**The input**
----
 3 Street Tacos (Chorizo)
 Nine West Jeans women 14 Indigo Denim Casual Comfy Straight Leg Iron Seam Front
----
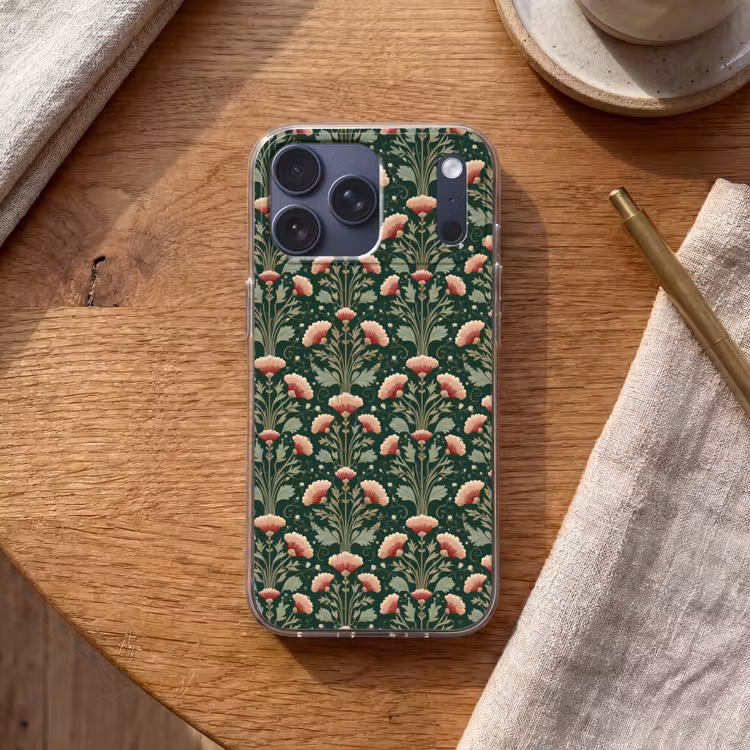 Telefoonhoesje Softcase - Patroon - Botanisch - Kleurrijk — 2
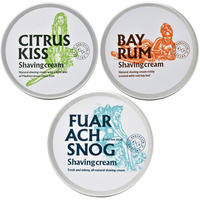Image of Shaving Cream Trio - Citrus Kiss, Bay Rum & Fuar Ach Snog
----
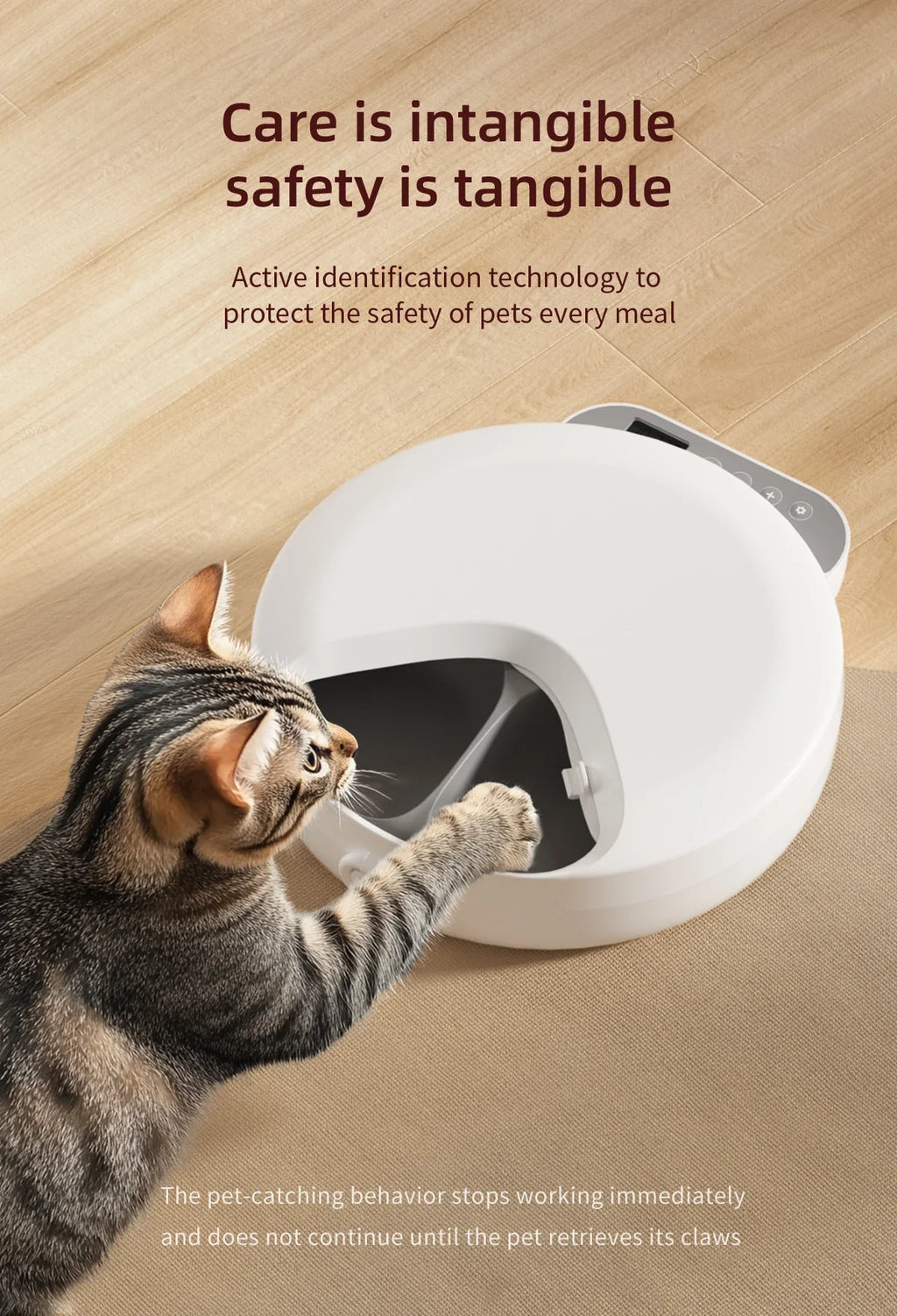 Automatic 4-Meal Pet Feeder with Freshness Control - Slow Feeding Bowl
----
**What to do**
Both the line above containing "Telefoonhoesje Softcase - Patroon" and the line containing "Image of Shaving" belong in the copy, along with every line between them; print these exactly and omit the pictures.

**Solution for this exercise**
 Telefoonhoesje Softcase - Patroon - Botanisch - Kleurrijk — 2
Image of Shaving Cream Trio - Citrus Kiss, Bay Rum & Fuar Ach Snog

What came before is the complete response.